◆ Work item: Write out every line from the listing below where the string "Rack" is found.

◆ Data for review:

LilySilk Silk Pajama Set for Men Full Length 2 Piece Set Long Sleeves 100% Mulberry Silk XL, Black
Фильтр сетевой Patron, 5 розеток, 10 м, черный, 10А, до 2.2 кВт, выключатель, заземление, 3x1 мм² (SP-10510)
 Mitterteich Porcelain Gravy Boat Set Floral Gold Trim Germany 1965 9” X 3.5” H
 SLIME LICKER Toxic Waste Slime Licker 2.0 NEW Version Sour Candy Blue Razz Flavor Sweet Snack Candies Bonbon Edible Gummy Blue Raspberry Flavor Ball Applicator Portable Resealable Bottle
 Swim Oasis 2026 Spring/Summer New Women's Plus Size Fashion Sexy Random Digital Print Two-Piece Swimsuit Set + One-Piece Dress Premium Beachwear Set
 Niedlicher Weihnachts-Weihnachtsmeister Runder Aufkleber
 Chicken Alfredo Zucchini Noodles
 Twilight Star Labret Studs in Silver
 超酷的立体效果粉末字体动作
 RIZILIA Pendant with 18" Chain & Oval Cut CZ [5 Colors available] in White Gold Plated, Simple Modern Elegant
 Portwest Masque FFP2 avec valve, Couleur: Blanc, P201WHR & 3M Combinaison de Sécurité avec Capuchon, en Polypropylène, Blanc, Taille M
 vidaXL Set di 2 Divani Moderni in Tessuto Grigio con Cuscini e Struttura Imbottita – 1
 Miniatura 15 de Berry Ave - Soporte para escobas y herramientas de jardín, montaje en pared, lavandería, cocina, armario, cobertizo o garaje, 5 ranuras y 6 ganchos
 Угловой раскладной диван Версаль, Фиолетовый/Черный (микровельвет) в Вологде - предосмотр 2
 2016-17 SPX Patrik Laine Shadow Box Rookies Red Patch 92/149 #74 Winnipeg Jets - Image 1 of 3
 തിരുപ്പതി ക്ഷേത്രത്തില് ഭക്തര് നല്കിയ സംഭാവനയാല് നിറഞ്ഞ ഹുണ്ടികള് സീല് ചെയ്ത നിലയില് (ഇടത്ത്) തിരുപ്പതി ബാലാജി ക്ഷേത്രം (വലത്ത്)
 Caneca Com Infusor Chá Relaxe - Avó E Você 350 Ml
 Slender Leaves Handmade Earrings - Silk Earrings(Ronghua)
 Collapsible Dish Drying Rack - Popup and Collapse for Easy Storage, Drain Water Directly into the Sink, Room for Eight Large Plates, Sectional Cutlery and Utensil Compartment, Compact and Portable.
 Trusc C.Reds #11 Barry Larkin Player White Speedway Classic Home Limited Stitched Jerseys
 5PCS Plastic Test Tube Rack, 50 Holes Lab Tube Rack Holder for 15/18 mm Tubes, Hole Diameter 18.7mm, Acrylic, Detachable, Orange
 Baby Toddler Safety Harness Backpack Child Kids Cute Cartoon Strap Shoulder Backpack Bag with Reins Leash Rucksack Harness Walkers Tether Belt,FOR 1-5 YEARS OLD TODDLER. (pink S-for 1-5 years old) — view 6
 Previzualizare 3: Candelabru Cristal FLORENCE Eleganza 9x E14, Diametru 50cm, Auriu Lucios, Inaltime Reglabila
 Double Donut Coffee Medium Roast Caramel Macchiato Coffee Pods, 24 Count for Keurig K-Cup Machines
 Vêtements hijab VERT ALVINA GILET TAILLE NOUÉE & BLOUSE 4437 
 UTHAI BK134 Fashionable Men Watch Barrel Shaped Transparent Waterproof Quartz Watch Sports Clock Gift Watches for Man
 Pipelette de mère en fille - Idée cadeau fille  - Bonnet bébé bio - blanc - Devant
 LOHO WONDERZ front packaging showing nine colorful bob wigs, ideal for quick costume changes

◆ Solution to this exercise:
 Collapsible Dish Drying Rack - Popup and Collapse for Easy Storage, Drain Water Directly into the Sink, Room for Eight Large Plates, Sectional Cutlery and Utensil Compartment, Compact and Portable.
 5PCS Plastic Test Tube Rack, 50 Holes Lab Tube Rack Holder for 15/18 mm Tubes, Hole Diameter 18.7mm, Acrylic, Detachable, Orange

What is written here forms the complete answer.